Should You Build Close Relationships with Those You Lead?

Ryan Gottfredson

by Ryan Gottfredson

Servant Leadership 1

When I speak or teach, I will commonly ask the audience this question: “Should you build close relationships with those you lead?”

The answers that I get back are generally either a strong “No!” or a strong “Yes!”

From working with leaders, I find these answers to be a very telling indicator of how one leads.

Power Bases

When an individual answers with “No!” I have found that they generally lead from an organizational power base. This means that they tend to influence those they lead by leaning upon their authority and their ability to offer rewards or threaten punishment.

They feel that if they get too close to those they lead, it will reduce their power and influence.

When an individual answer with “Yes!” I have found that they generally lead from a personal power base. This means that they are someone that has the knowledge, skills, kindness, humility, and authenticity that makes it so those they lead want to follow them. They influence others because they are respected, not because they are feared.

(Click here if you want to learn more about organizational and personal power bases)

What Does the Research Say?

This topic is actually what my dissertation ended up being about (I was able to publish it in  the Journal of Organizational Behavior, where it won “Article of the Year” for 2017). But, I didn’t originally begin my dissertation with this focus in mind.

For the last 70 years of leadership research, researchers have been investigating the relationship between leadership behaviors and follower performance. Much of this research seeks to identify which leadership behaviors are most important for enhancing the performance of followers.

Some of the leadership behaviors that have been found to be most important for improving follower performance over the years include consideration, initiating structure, transactional leadership, transformational leadership, authentic leadership, and servant leadership (click here for definitions of each).

So, we largely know that the right leadership behaviors translate into follower performance, but until my dissertation, there wasn’t much clarity on why this relationship exists. Was is because:

  • Leadership behaviors make followers satisfied, and happy employee are more productive,
  • Leadership behaviors build trust, and trust leads to increased speed and decreased cost,
  • Leadership behaviors make followers more committed, and committed followers put more into their work,
  • Leadership behaviors generally mean that followers are treated more fairly, and fairly treated employees are more productive than unfairly treated employees, or
  • Leadership behaviors improve followers’ perception of their relationship with their leader, and having a good relationship makes followers’ more responsive to leaders’ efforts to influence?

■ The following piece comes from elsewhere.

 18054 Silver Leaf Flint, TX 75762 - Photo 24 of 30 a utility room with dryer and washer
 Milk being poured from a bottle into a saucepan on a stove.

All of these are accurate, but if we can identify which is the most important, it should give leaders greater precision on what is most important for them to focus on.

So, essentially, I ran a methodological horse race to see which would win.

Bullet point #5 won every time.

This revealed that a critical aspect of effective leadership is building positive relationships with followers.

This essentially means that if you want to get the “biggest bang for your buck” when it comes to your leadership efforts translating into higher levels of performance, you need to develop strong and positive relationships with those you lead.

(You can access this journal article here)


If you answered the initial question, “Should you build close relationships with those you lead?” with a “No!” this suggests that you may want to rethink your approach to leadership. You are likely leading through an organizational power base and are too concerned about your status, and not concerned enough with your relationships with your followers.

But, if you answered with a “Yes!” hopefully this gives you validation for your leadership approach, focused on becoming more of someone others want to lead. Further, I hope it gives you clarity on how you can further enhance the performance of those you lead: Improve your relationships with each of them.

As the Black Eyed Peas sing, “Be Different! Be Nice! Just Smile! I promise it’ll change your life!”